_Data_.
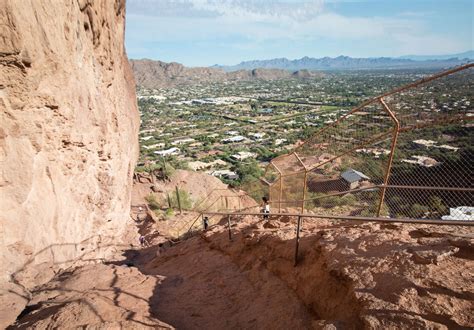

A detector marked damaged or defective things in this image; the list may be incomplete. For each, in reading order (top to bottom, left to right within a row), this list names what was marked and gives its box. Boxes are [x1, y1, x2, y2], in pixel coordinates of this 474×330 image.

rusty fence wire [260, 63, 474, 222]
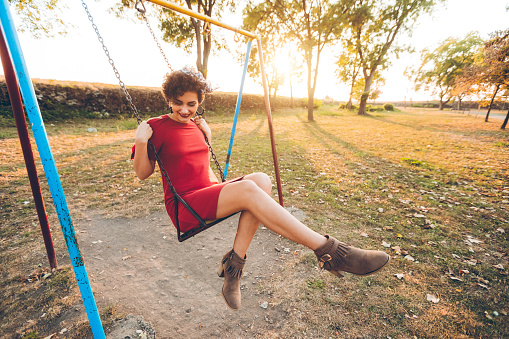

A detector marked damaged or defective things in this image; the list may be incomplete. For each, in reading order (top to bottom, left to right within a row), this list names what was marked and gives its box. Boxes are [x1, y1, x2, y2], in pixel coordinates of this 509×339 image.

rusty metal pole [0, 27, 57, 270]
rusty metal pole [258, 38, 282, 206]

_Task item_. Wherever a picture appears in the records, omit it, and transcribe everything else exactly.

_Completed exercise_.
A detector marked damaged or defective things in this image; the list may be incomplete. For each, in reading order (top to bottom, left to right within a row), this list names what was marked and gives its box. Boxes are [x1, y1, x2, y2], in pixel coordinates of this 474×330 image.

rusty fence wire [260, 63, 474, 222]

A detector marked damaged or defective things in this image; the list may be incomplete. For each, in reading order (top to bottom, left to right within a row), this list names what was marked and gives its box. Boxes are [x1, y1, x2, y2], in pixel coordinates of this 509×339 image.

rusty metal pole [0, 27, 57, 270]
rusty metal pole [258, 38, 282, 206]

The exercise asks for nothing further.